Irony abounds in the film. Arnie, the son of Jennifer Rogers is a shrewd child who can bargain hard for muffins and a lot more. He will not part with the rabbit until he has had his muffins. He is the very antithesis of childhood innocence, the Biblical myth of the lamb that Blake uses in his Songs of Innocence. Arnie, and his confusion over the nomenclatures of time—‘tomorrow’ is his ‘yesterday’—becomes the alibi for the couples. Again, in the conniving camaraderie between the naval captain and the artist is the ironical partnership between the game-hunter whose pleasure lies in mindless poaching and the creative human being who seeks to eternalize life’s colours. The passion of the cold and heartless Harry brings trouble to the quiet Boston village while the artist’s sacrificing of his disinterested poise leads to its resolution. The only piece of art that Sam’s buyer misses out becomes the source of a great complexity in the plot. Sam’s artistic skill is important to the film not because he is a Picasso or a Dali, but because he uses it to save someone from charges of murder. The underlying message is that art is important only when it is linked to life. The price that Sam quotes for his work is actually social good. Hitchcock, comes up with a very socialist and Christian message even as he upholds artistic idiosyncrasy and independence.
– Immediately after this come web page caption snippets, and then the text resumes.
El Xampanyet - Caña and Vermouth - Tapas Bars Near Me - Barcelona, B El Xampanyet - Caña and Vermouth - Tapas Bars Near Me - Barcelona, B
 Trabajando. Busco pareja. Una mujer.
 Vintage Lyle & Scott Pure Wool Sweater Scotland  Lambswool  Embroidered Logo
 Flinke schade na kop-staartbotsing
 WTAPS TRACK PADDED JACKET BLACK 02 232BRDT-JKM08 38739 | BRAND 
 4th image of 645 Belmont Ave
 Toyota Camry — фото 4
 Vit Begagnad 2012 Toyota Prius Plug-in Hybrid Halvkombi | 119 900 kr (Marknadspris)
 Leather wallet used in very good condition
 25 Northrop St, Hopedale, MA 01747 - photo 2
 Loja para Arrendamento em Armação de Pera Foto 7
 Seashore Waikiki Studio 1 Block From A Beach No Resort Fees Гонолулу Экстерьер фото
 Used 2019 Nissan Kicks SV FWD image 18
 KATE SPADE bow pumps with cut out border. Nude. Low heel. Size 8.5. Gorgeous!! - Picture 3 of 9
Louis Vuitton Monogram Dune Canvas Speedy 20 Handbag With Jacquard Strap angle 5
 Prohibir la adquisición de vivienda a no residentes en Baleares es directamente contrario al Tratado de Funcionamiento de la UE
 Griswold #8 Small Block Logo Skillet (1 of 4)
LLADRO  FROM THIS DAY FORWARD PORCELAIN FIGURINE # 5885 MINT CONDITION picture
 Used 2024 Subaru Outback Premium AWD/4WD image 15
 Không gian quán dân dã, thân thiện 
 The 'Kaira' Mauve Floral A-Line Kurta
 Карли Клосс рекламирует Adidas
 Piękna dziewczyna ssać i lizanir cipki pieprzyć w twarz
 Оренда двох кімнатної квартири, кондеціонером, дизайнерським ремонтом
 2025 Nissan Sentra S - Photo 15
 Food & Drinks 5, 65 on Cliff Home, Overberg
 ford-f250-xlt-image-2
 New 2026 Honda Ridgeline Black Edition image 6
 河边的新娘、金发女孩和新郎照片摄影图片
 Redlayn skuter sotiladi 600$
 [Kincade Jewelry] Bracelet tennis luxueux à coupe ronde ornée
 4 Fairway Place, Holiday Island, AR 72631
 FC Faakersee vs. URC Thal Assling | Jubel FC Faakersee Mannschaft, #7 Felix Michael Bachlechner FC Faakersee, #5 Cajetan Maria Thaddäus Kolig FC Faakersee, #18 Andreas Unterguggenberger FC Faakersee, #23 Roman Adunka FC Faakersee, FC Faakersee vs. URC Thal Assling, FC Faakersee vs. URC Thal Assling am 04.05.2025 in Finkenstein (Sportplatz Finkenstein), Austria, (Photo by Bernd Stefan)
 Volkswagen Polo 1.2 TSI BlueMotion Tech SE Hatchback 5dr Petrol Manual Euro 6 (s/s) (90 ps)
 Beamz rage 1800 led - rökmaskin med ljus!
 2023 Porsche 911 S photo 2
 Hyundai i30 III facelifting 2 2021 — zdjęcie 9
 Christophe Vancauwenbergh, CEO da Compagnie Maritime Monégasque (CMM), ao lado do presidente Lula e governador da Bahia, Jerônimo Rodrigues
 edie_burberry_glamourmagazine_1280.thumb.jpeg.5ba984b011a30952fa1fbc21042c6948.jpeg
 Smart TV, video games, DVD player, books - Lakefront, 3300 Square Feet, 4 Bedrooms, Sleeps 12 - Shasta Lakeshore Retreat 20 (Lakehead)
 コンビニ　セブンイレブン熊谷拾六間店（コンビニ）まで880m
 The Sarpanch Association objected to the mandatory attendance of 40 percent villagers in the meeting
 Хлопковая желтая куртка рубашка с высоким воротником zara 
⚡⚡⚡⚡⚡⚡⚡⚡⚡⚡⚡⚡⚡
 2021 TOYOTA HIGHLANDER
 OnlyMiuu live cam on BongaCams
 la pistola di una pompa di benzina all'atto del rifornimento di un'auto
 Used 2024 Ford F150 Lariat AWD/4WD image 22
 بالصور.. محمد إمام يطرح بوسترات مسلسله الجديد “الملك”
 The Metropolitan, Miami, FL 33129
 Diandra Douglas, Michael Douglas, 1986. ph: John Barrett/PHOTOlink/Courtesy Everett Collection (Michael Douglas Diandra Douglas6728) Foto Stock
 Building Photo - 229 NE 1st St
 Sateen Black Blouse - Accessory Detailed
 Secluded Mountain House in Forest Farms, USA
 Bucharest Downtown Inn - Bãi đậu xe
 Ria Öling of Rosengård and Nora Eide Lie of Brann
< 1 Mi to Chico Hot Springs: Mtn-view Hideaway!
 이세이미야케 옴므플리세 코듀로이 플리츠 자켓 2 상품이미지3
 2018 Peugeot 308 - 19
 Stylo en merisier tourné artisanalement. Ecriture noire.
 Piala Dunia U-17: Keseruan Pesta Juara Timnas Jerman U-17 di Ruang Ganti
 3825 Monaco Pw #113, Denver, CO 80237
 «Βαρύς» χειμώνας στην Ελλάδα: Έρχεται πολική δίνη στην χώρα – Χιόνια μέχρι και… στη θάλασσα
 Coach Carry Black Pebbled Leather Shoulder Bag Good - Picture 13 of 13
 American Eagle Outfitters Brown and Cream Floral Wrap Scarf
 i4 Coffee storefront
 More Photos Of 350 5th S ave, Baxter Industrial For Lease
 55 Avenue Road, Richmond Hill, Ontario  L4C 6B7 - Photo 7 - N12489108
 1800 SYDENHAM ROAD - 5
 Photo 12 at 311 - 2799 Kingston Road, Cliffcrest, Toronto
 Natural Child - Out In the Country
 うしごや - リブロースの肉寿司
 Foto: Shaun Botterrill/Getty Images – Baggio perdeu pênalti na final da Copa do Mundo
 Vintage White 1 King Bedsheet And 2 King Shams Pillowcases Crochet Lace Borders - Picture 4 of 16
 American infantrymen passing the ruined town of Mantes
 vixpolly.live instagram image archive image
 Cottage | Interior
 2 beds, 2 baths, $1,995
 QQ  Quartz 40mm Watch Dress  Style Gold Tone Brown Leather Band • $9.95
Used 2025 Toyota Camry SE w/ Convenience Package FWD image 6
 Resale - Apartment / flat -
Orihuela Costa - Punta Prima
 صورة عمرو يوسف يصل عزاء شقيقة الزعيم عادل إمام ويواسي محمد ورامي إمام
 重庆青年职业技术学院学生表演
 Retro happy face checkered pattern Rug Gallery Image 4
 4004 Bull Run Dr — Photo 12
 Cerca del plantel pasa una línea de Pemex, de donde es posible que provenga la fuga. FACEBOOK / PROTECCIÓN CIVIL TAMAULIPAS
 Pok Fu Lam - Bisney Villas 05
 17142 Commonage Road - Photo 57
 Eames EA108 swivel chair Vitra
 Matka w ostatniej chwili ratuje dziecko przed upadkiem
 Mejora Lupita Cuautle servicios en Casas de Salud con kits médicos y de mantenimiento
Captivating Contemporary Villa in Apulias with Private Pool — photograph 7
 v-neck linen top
Mistaken notions and identities give rise to the ironies in this film. Sam connives with Captain Wiles because Captain Wiles believes that he had killed Harry. Captain Wiles confides about his guilt to Ivy Gravely. Ivy herself believes that she had killed Harry as he tried to ‘rape’ her and she hit him with her shoe’s heel. To atone her guilt she invites Wiles to a coy date over muffins and tea. Had she not had this mistaken notion the couple would have never met and never fallen in love. The relationship between Jennifer and sam cements as Sam discusses Wily’s crime with her only to let Jennifer ‘confess’ hers. Crime breeds very strange but warm and beautiful love affairs. The greatest irony is of course that no one in this idyllic country is overtly disturbed by a murder. It is as if nothing has happened. Even as the people are comical in their attitude, it does remind one of the strange indifference in Rope. Again, the sharp and candid dialogue in this film is remarkable. It does not suit a pastoral romance at all. It approximates the frank banality of Frenzy and Vertigo. Hitchcock had this great habit of destabilizing established social myths. In Shadow of a Doubt—the myth of the happy American family is questioned by him. The treatment of pastoral love in this film is also similarly done. The final frame of the film reads—The trouble with Harry is over. It too is ironic in import. It could well mean that the film is over as it could that the ‘trouble’—the legal scare that the death had caused is over.

We must remember that so many people had so easily acknowledged that they had killed Harry because they had no idea as to what it takes to murder someone. They lived in a village far removed from practical cares. They could confess murder over cups of tea. The film is all about discovering what ‘crime’ is and what it takes to cover it up. In other words, the narrative traces the journey of four human beings through a discovery of what crime and criminal action is. They have hidden bodies, told lies, tampered with evidence, created alibi and manipulated witnesses—all are classic steps that a seasoned criminal would take when he commits a murder. The irony is that all this becomes a mock drill. Harry, after all, died of a heart attack.